• Exercise brief
Give again exactly the lines that run from the start of the records to the line holding "RenoExpert painting work", both ends counted. Do not include the pictures.

• Dataset extract
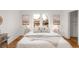 Bright bedroom featuring neutral decor, hardwood floors, and natural light creating a calming and restful retreat at 3905 Tejon St, Denver, CO 80211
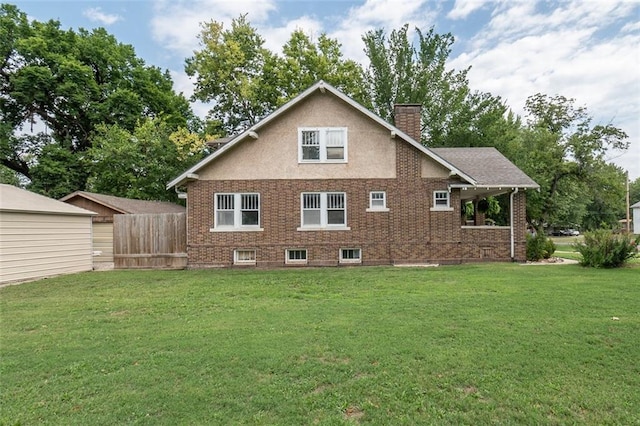 back of house with a lawn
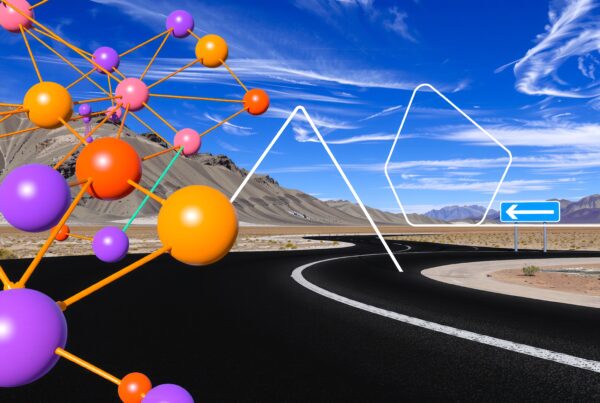 Vibrant abstract network in desert landscape beneath blue sky.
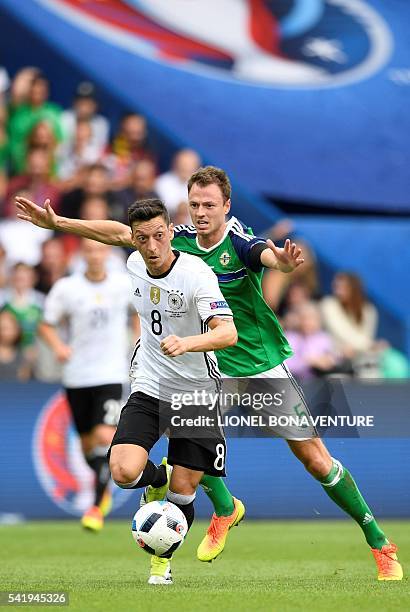 Germany's midfielder Mesut Oezil and Northern Ireland's defender Jonny Evans vie for the ball during the Euro 2016 group C football match between...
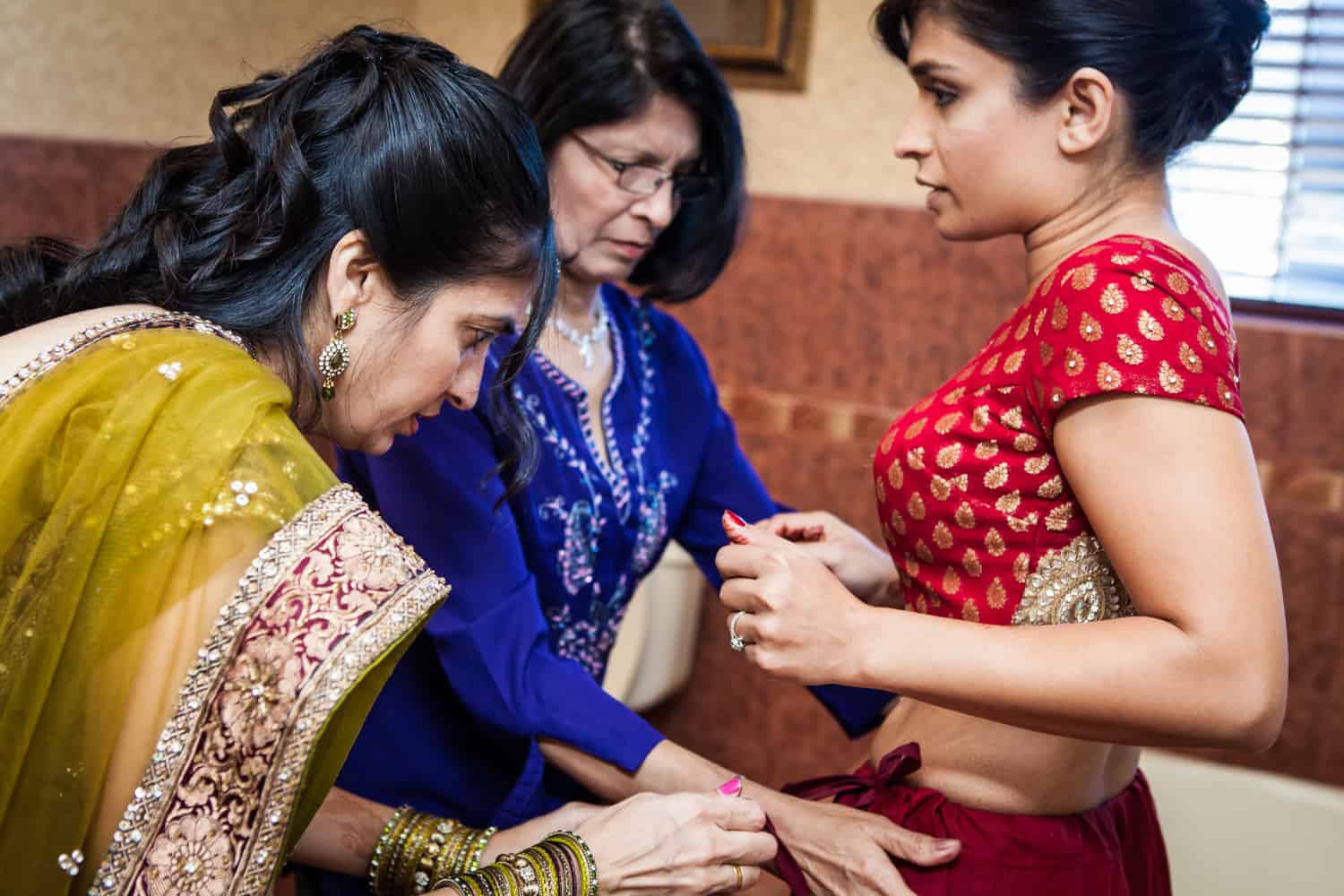 Two women fitting bride into traditional Indian sari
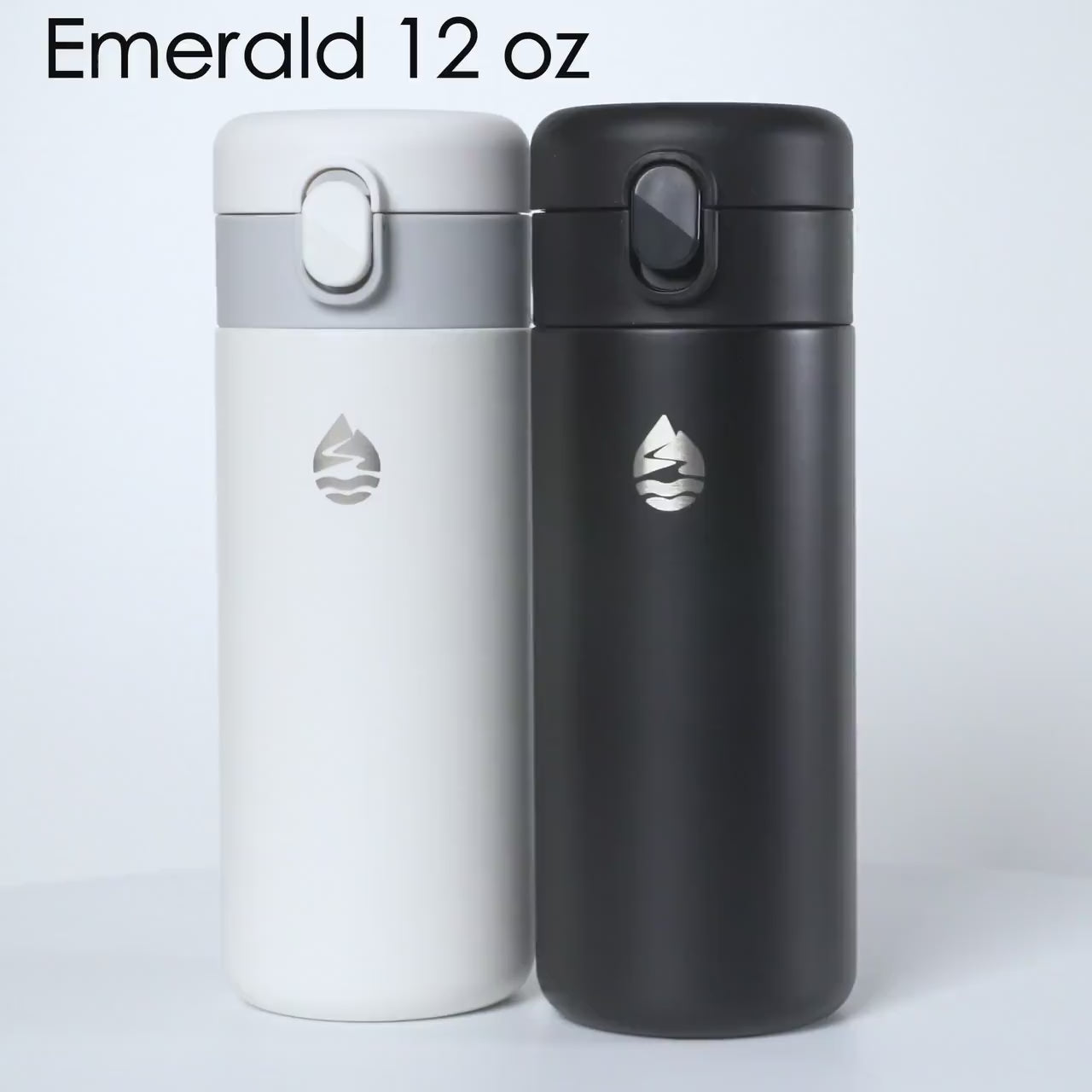 Load video: Lamose Emerald 12 oz insulated travel mugs in sleek black and white, featuring a spill-proof flip lid and engraved water drop logo. Perfect for keeping beverages hot or cold on the go.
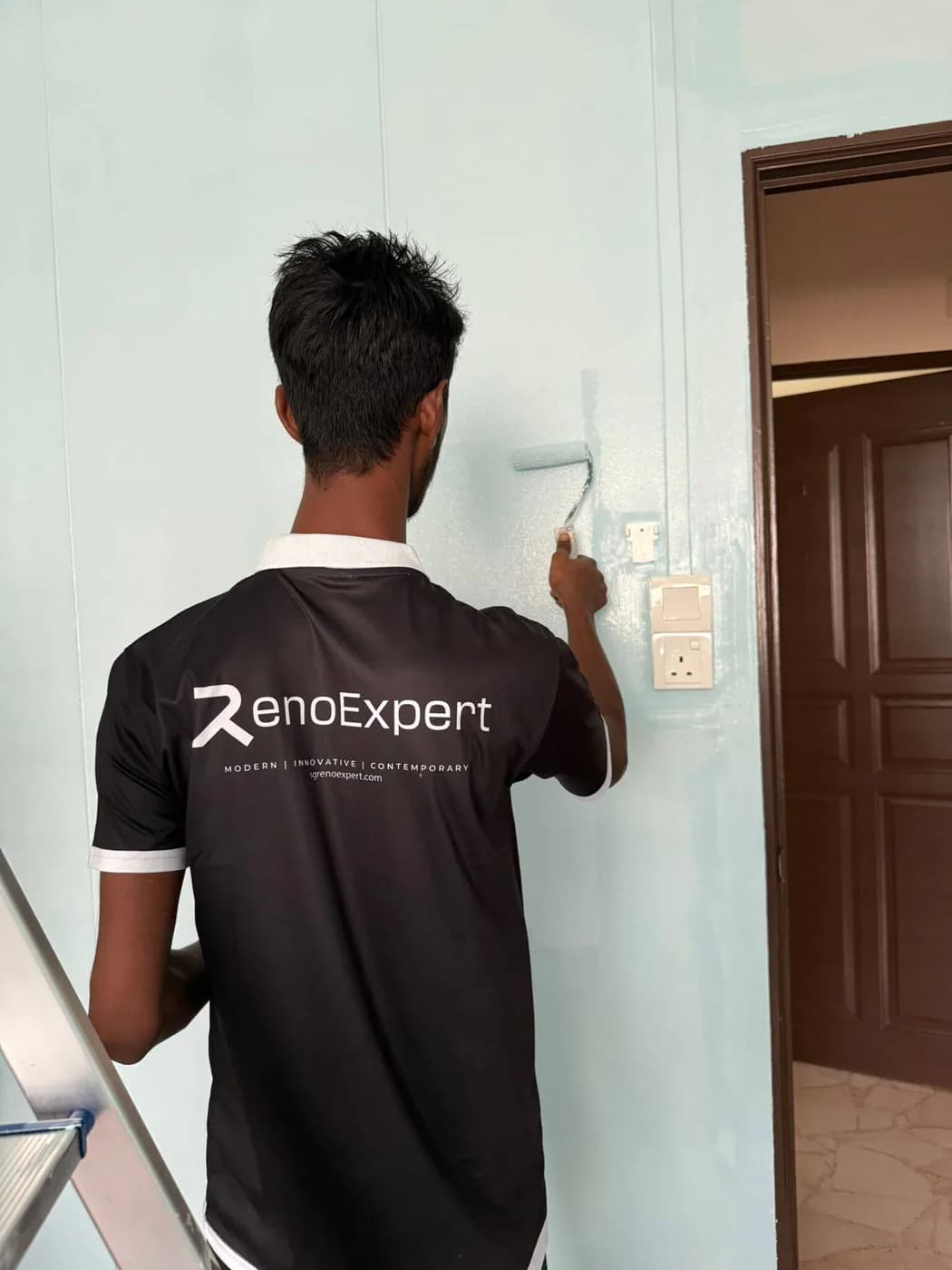 RenoExpert painting work in progress at a renovation site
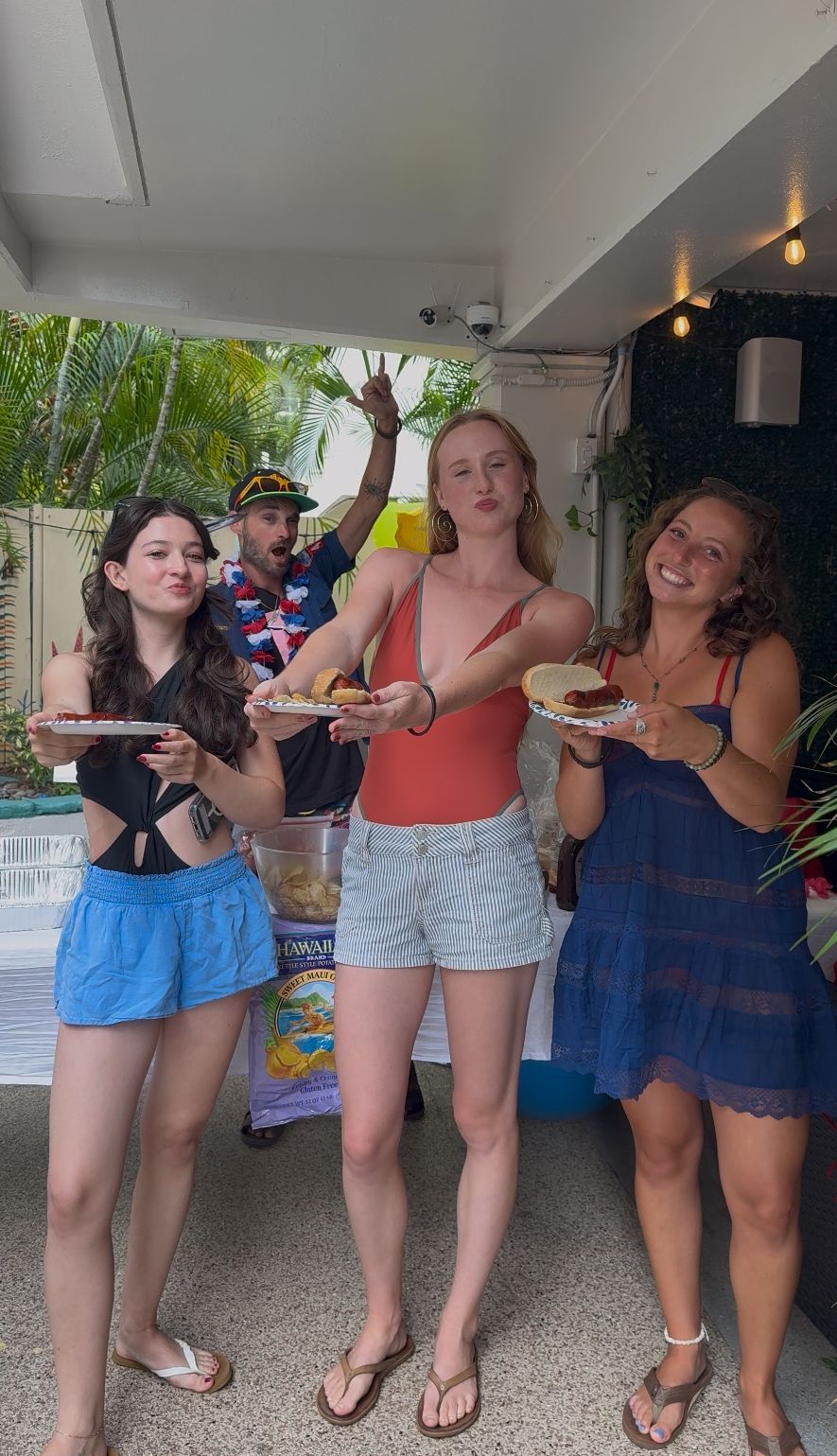 Three women are standing next to each other holding plates of food.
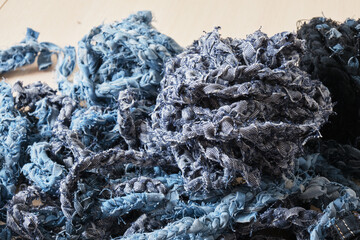 balls of denim yarn on the table, reasonable consumption, second life to old things concept, pigtails from cut jeans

• Completed task
 Bright bedroom featuring neutral decor, hardwood floors, and natural light creating a calming and restful retreat at 3905 Tejon St, Denver, CO 80211
 back of house with a lawn
 Vibrant abstract network in desert landscape beneath blue sky.
 Germany's midfielder Mesut Oezil and Northern Ireland's defender Jonny Evans vie for the ball during the Euro 2016 group C football match between...
 Two women fitting bride into traditional Indian sari
 Load video: Lamose Emerald 12 oz insulated travel mugs in sleek black and white, featuring a spill-proof flip lid and engraved water drop logo. Perfect for keeping beverages hot or cold on the go.
 RenoExpert painting work in progress at a renovation site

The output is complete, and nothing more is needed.